For each $n \in \mathbb Z_+$, let $T_n:  [0, 1] \to [0, 1]$ be the (random) map defined by
$$
T_n (x) = 
\begin{cases}
x + b_n - a_n& \text{if }\; x < a_n,\\
x - a_n & \text{if }\; a_ i \leq x \leq b_n,\\
x, &\text{if }\; x > b_n.
\end{cases}
$$
Thus each $T_n$ takes a random segment from the middle of the deck $[0, 1]$ and places it at the top of the deck.
It is immediate that $T_n$ are measure preserving with respect to the Lebesgue measure, almost surely.
Question: Is it true that $T_n$ are almost surely strong mixing?
We say that $T_n$ are strongly mixing if almost surely,
$$\lim_{n \to \infty} \mu( T_n \dots T_1 (A) \cap B) = \mu(A)\mu(B)$$
for all Borel sets $A$, $B$.
 A: Here is an approach that can prove an average weak mixing of this system, ie:
$$\lim_{n \to \infty} \frac{1}{n}
\sum_{k=1}^n \mathbb{E} (\mu( T_k \dots T_1 (A) \cap B)) = \mu(A)\mu(B)$$
for all Borel sets $A$, $B$.
By a standard approximation argument, this is equivalent to:
$$
\lim_{n \to \infty}
\mathbb{E}(
\int (f \circ T_1 \circ \cdots \circ T_n)
\cdot
g
)
=
\int f \cdot g
,
$$
for all $f,g \in L^2([0,1])$.
We study
the averaging operator $P$:
$$
Pf = \mathbb{E}( f \circ T )
.
$$
The operator $P$ is self-adjoint on $L^2([0,1])$,
with operator norm 1, and
$$
P^n f = \mathbb{E}( f \circ T_1 \circ \cdots \circ T_n )
.
$$
By (an adaptation of) Von Neumann mean ergodic theorem we have, for every $f \in L^2([0,1])$,
the convergence in $L^2$:
$$
\frac{1}{n}
\sum_{k=1}^n
P^n f
\to
\pi(f)
,
$$
where $\pi$ is the orthogonal projection
on the closed subspace of $P$-invariant function.

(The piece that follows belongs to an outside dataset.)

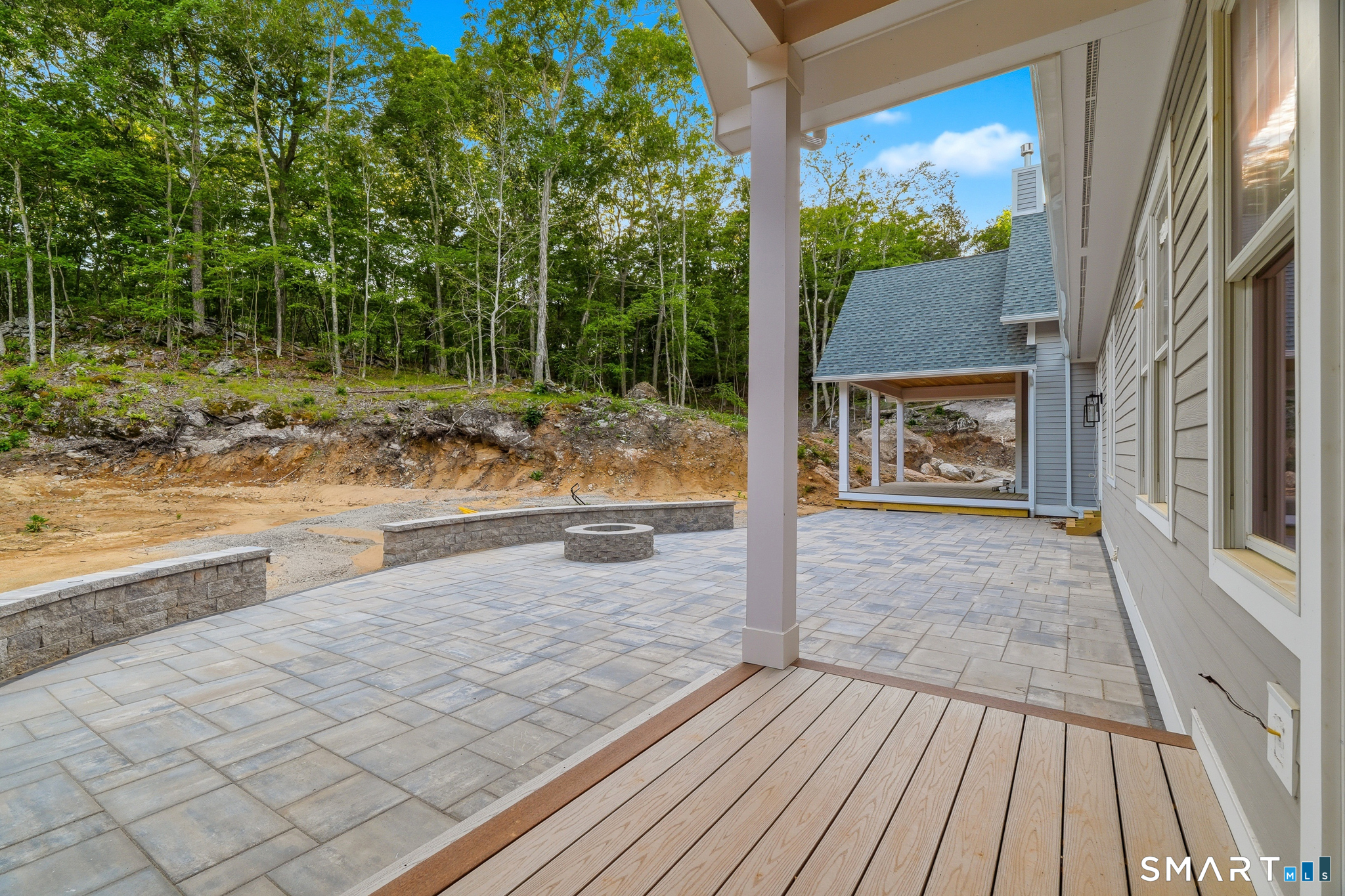 41 B Whippoorwill Road Old Lyme, CT 06371 - Photo 2 of 12 From morning coffee to fireside nights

In particular, the average weak mixing property above is equivalent to the non-existence of non-constant $P$-invariant function.
We can compute $P$ explicitly:
$$
Pf(x) =
2 \int_x^1
\int_0^t
f(u)dudt
+ x^2f(x)
.
$$
This reduces the question of average weak mixing to the 2nd order integral equation:
$$
f(x) =
2 \int_x^1
\int_0^t
f(u)dudt
+ x^2f(x)
.
$$
I found that there is no non-constant $L^2$ solution to this equation, by reducing to a differential equation (this should be verified !). This proves the average weak mixing.
I guess that the average mixing
$$\lim_{n \to \infty}  \mathbb{E} (\mu( T_n \dots T_1 (A) \cap B)) = \mu(A)\mu(B)$$
could be deduced (if true) from a spectral gap of $P$ on some appropriate function space.